▶ [WORK ITEM]: The expected output is the full set of entries, printed exactly, without pictures.

▶ [DATA LISTING]:
*****

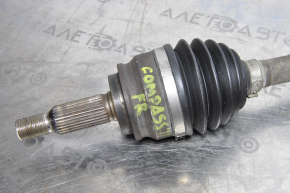 The front right half shaft of a Jeep Compass 11-16 2.0 CVT FWD is short and has a torn boot.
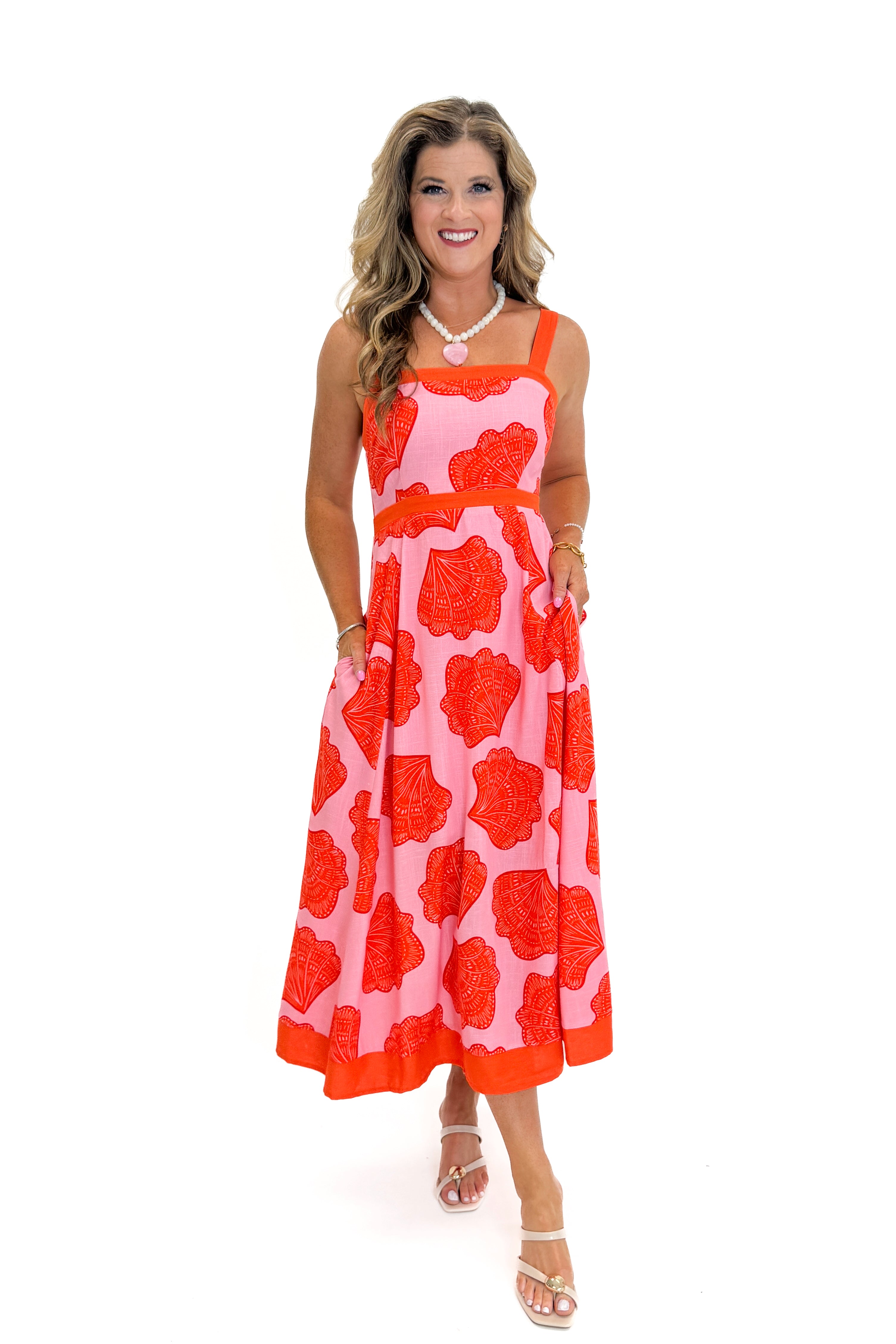 Front view of woman wearing Swagger Boutiqueβs Pink & Orange Printed Midi Dress by Entro with sandals against white studio background.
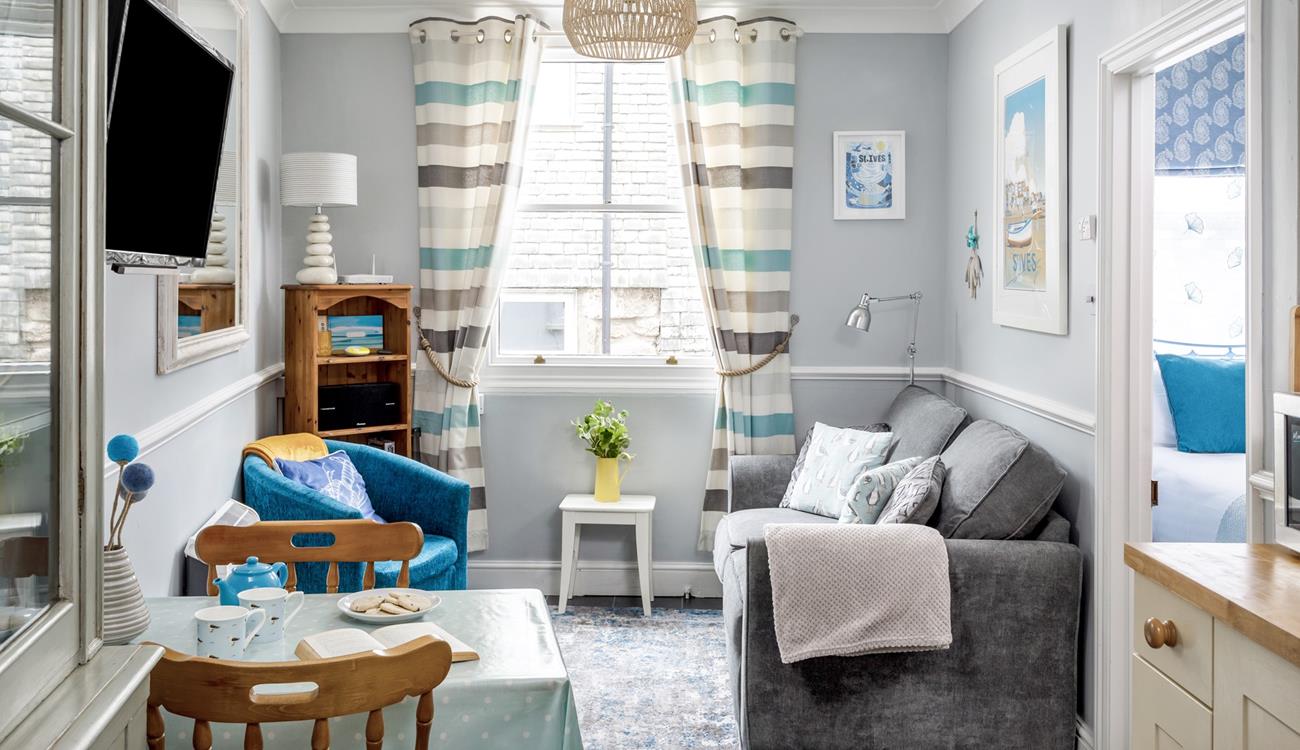 Snug and cosy, the sitting room is the perfect place to relax after a day exploring St Ives. 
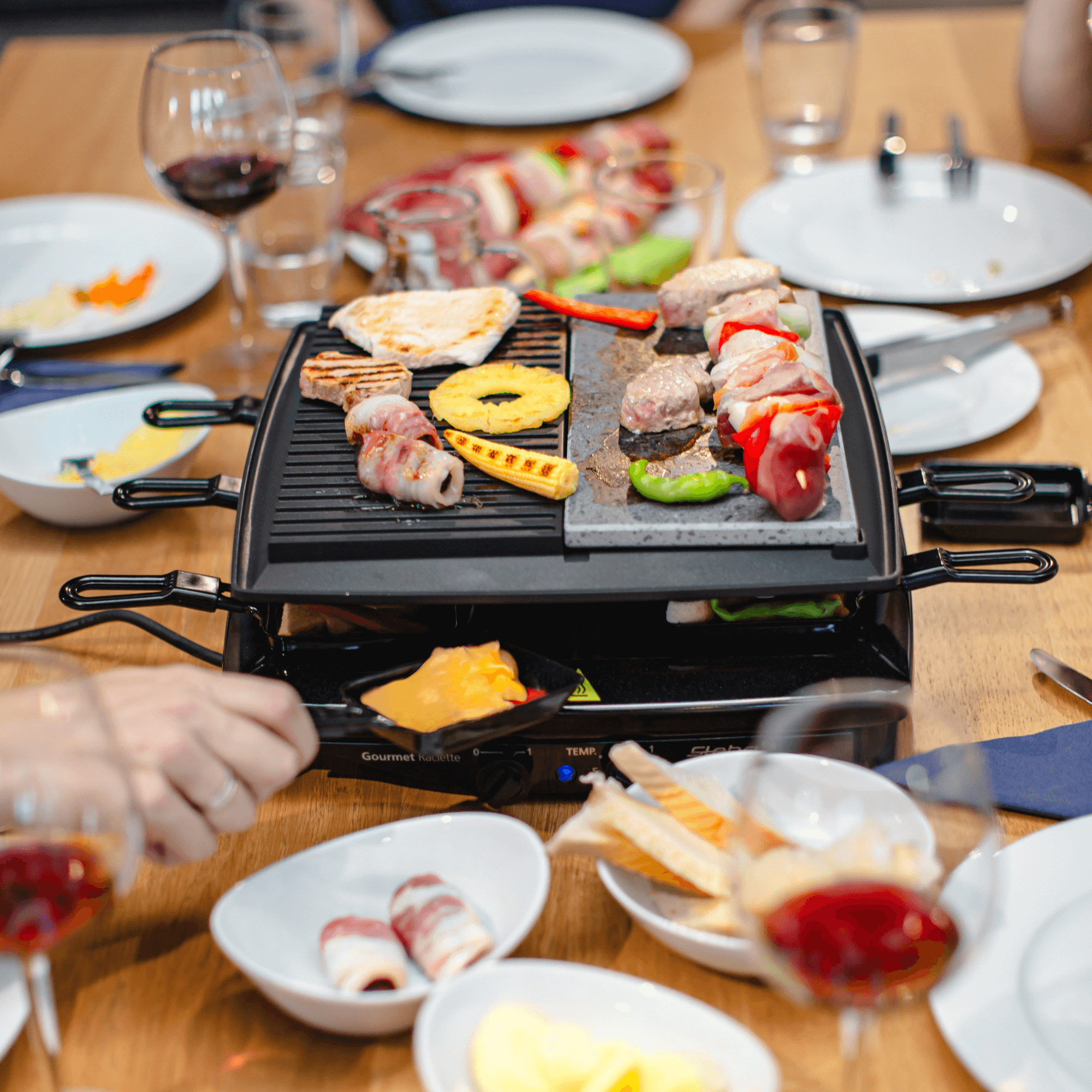 Raclette-Grill von Steba mit Grillfläche, verschiedene Speisen wie Gemüse und Fleisch, Gläser und Teller im Hintergrund.
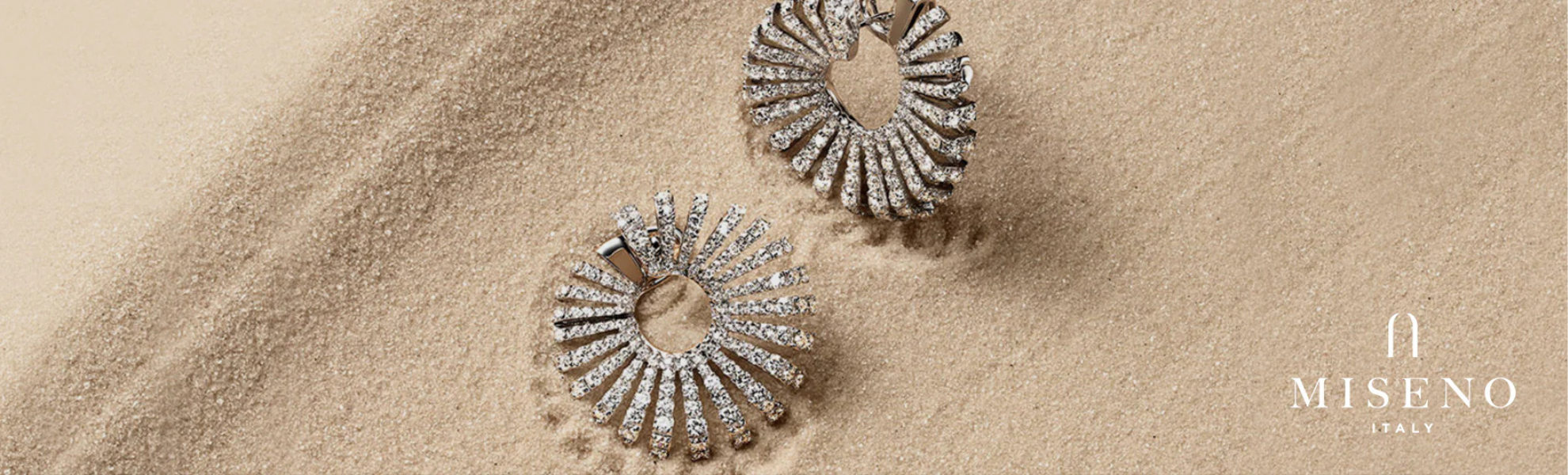 Pair of silver earrings on sand with Miseno logo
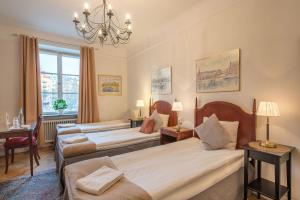 Postel nebo postele na pokoji v ubytování Wasa Park Hotel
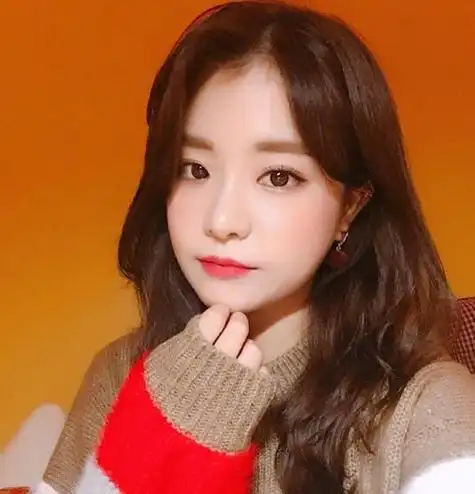 看这位梳偏分栗色波浪卷中长发的小瓜子脸女生,既有少女的阳光灵动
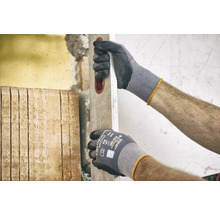 Mann mit Arbeitshandschuhen und Wasserwaage bei Renovierungsarbeiten.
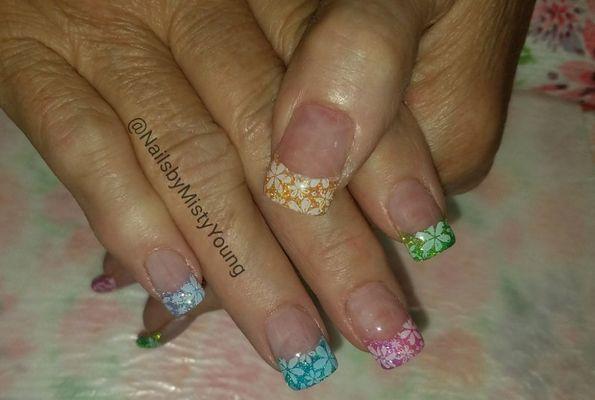 Multi colored French acrylics with flower stamp design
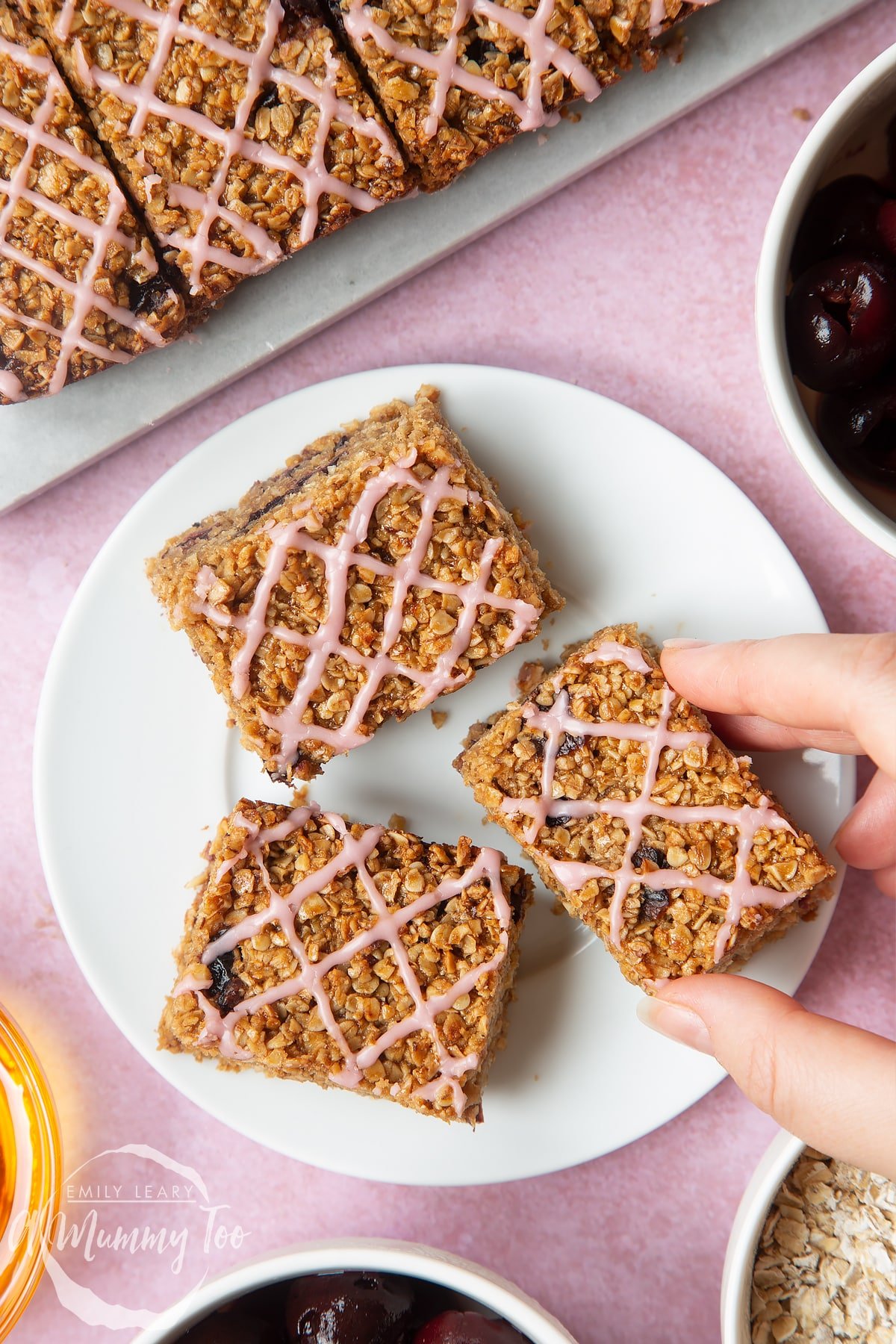 Overhead shot of a hand holding a cherry flapjack served on a white plate with a mummy too logo in the lower-left corner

*****

▶ [FINISHED TASK]:
 The front right half shaft of a Jeep Compass 11-16 2.0 CVT FWD is short and has a torn boot.
 Front view of woman wearing Swagger Boutiqueβs Pink & Orange Printed Midi Dress by Entro with sandals against white studio background.
 Snug and cosy, the sitting room is the perfect place to relax after a day exploring St Ives. 
 Raclette-Grill von Steba mit Grillfläche, verschiedene Speisen wie Gemüse und Fleisch, Gläser und Teller im Hintergrund.
 Pair of silver earrings on sand with Miseno logo
 Postel nebo postele na pokoji v ubytování Wasa Park Hotel
 看这位梳偏分栗色波浪卷中长发的小瓜子脸女生,既有少女的阳光灵动
 Mann mit Arbeitshandschuhen und Wasserwaage bei Renovierungsarbeiten.
 Multi colored French acrylics with flower stamp design
 Overhead shot of a hand holding a cherry flapjack served on a white plate with a mummy too logo in the lower-left corner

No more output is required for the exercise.